Bruised, Battered and Begging for Bread: This time last year the Democrats were walking through (yawn) the candidate selection process before the coronation of the Queen of the Hill. Governor Richardson of New Mexico (some asked, “Don’t you have to be American to run?”), Dennis Kuku-Kucinich, Joe Bye-bye Biden, John “ya-all” Edwards, and a host of others made symbolic appearances, but everybody knew the Hillary-Billaries were destined to return to their old home at 1600 Pennsylvania Ave. What a difference a year makes. Hillary’s “victory” speech in Indiana was a plea for donations to offset the Clinton piggy bank that she pilfered to the tune of $ 10 million plus.

How could it come to this? Senator Obama accuses Hillary of being part of the same old Washington good old boy, uh, person, network. Maybe, maybe not, but she sure seemed to take her Primary strategy from the George W. Bush Iraq playbook. She underestimated her enemy, had poor planning, declared “Mission Accomplished” multiple times when the campaign was not even close to being over, and clearly has no exit strategy. She even knocked off the patented “Yes We Can” slogan from the Obama camp and changed it to “Yes We Will.” We aren’t sure if she let her “second” in command, namely Bill, talk her into the run or if it is something she’d planned despite her denials over the past eight years.

Three Miles Away From Victory: The Vice President’s residence is located three miles from the White House. Could Barack be talked into bringing Hillary onto his ticket then plan to isolate her on the Three Mile (from the W.H.) Island? Will President Obama apply for a Restraining Order to keep Bill away from the Big House and its interns? Will Chelsea be rewarded for her campaigning with a wedding at “Number One Observatory Circle,” the official address of VEEP-ville? Possibilities are endless.

Let’s Consider the Possibilities: The United States of America will have a new president after next fall’s election, of that you can be sure.

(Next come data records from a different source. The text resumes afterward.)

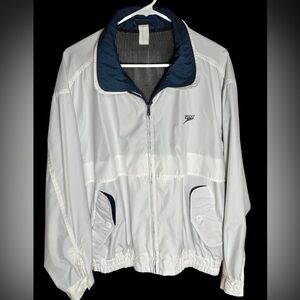 Men's small Speedo windbreaker jacket with
white nylon shell & navy blue lining.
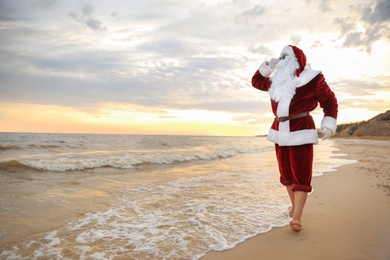 Photo of Santa Claus on beach, space for text. Christmas vacation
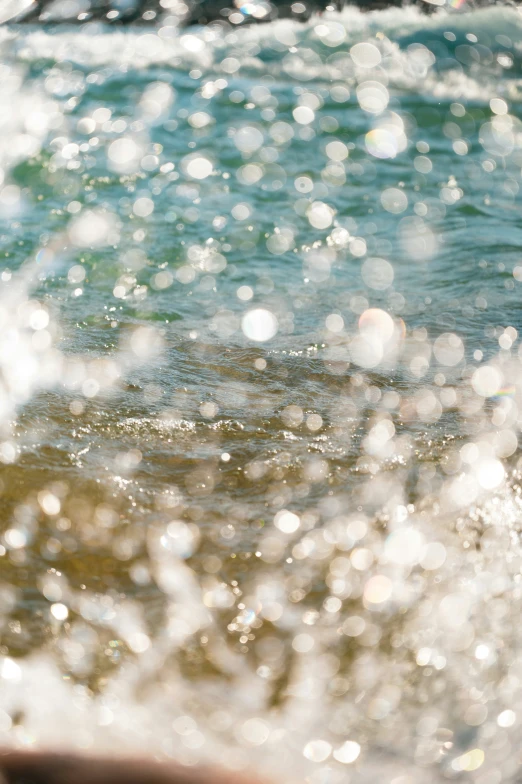 a surfer is looking at some waves with the light on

Question is, will the new president be one who leaves the toilet seat up or down? Will the end of each workday find the president brushing with Pepsodent or soaking in Polident? Will breakfast include pineapples and coconuts or grits and cornbread? Will the Oval Office be decorated with Orchids and leis of tuberoses or prickley pears and barrel cactus? Will we be governed by the exuberance of youth, Mother Earth, or Father Time? Finally, regarding the attire of the new president, no matter who wins the uniform of the day will be a pant suit.

Oh, those Wacky Floridians: From the state that brought you the hanging chad, rules breaking that cost their delegates convention seating, a sexy biker teacher who had sex with her students, and another who was busted three times for sex with students on more than 20 occasions. The latest story is of the science teacher who had kids in a trance with a magic trick that had a toothpick disappear and reappear. He was fired for wizardry! Holy Harry Potter!

A little blogging music Maestro... an oldie by the Platters, “Could This be Magic?”